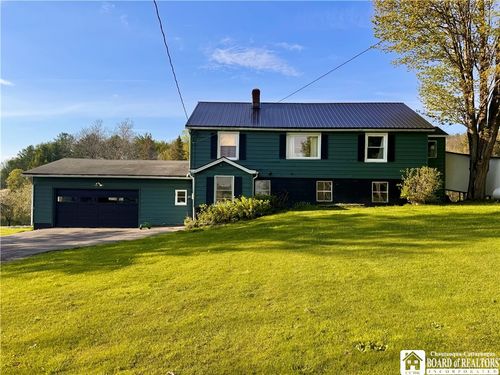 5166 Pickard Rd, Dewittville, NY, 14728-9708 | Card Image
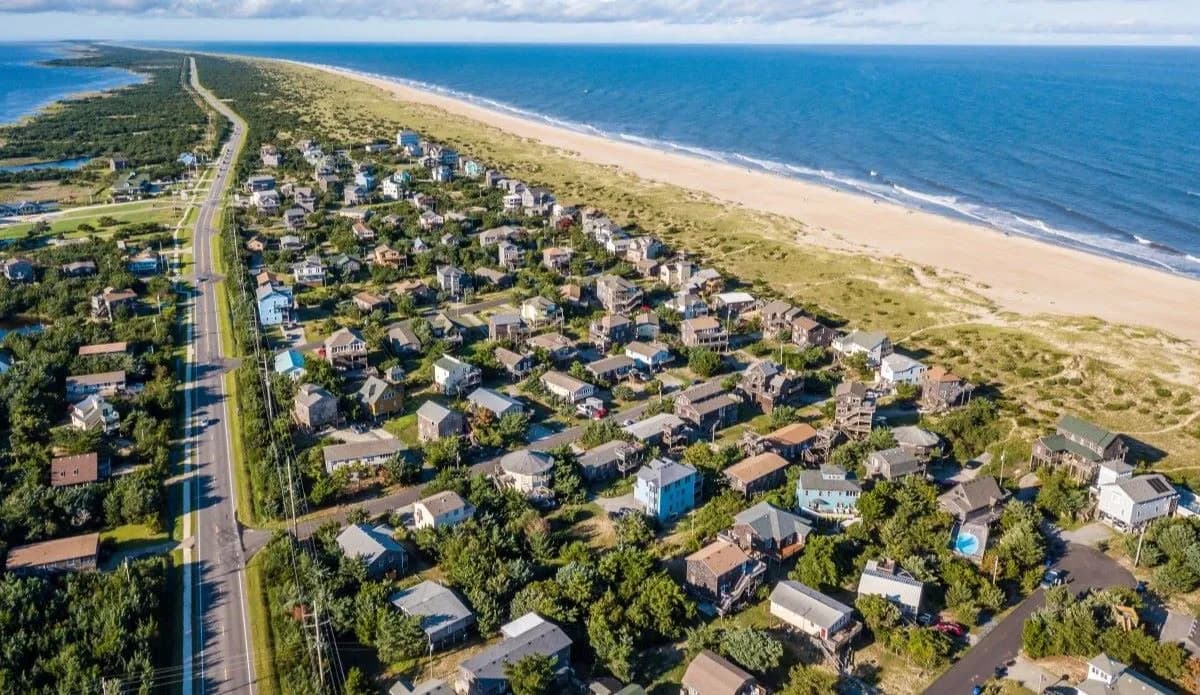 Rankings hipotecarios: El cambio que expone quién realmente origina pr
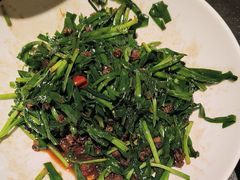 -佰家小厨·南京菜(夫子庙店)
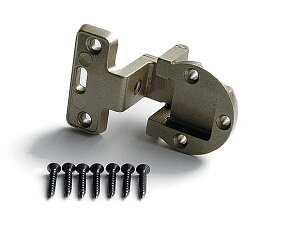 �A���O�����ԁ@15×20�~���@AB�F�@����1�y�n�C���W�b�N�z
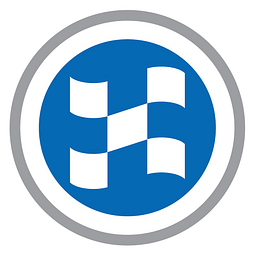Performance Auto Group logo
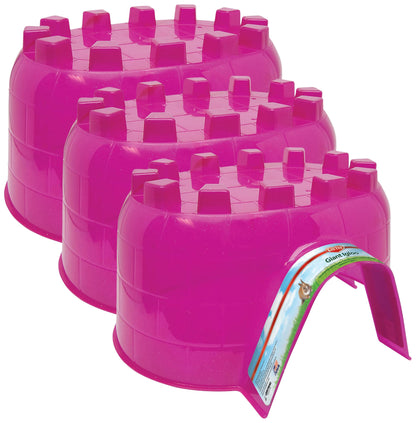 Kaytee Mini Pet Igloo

******

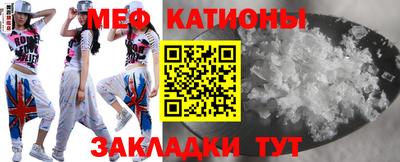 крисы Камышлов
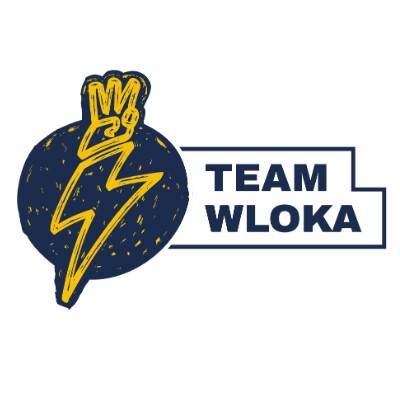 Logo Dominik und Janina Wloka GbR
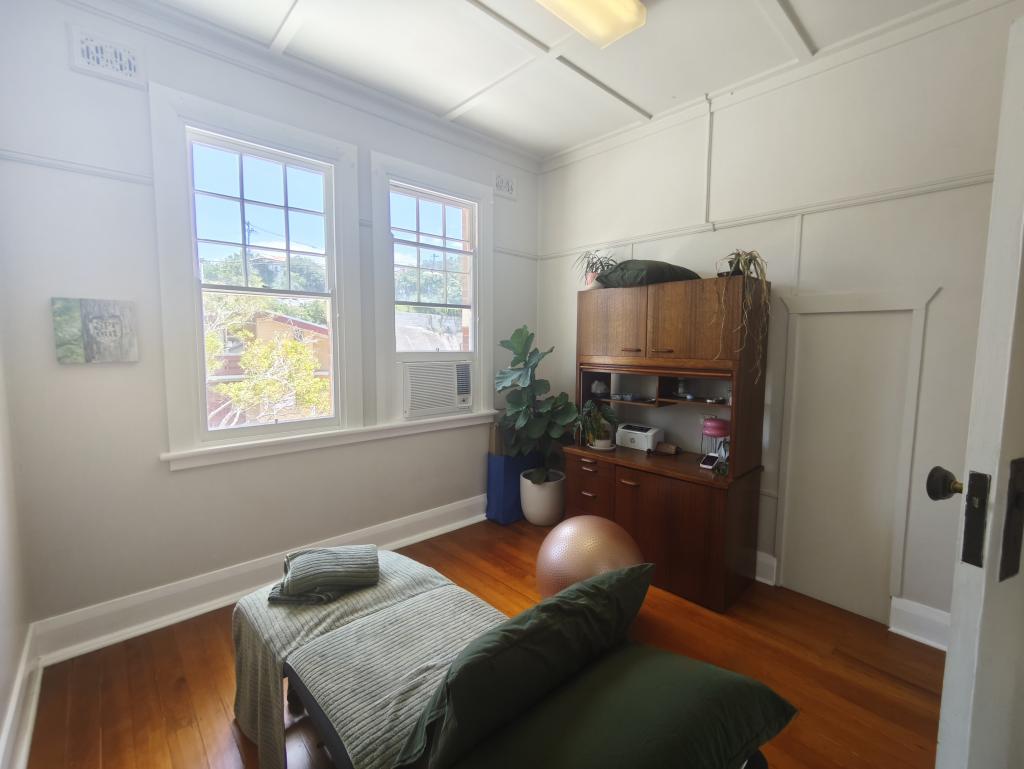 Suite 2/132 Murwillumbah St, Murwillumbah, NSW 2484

******

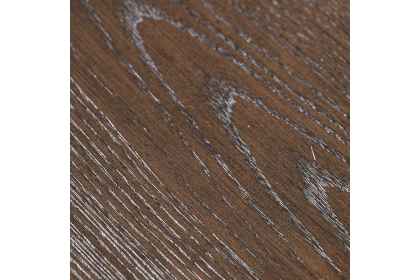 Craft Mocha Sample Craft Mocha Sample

******

■ Task to carry out
Text only, no pictures: please print exactly the lines above from the line with "Logo Dominik und Janina Wloka GbR" up to and including the line with "Suite 2/132 Murwillumbah", and nothing else.

■ Answer box
 Logo Dominik und Janina Wloka GbR
 Suite 2/132 Murwillumbah St, Murwillumbah, NSW 2484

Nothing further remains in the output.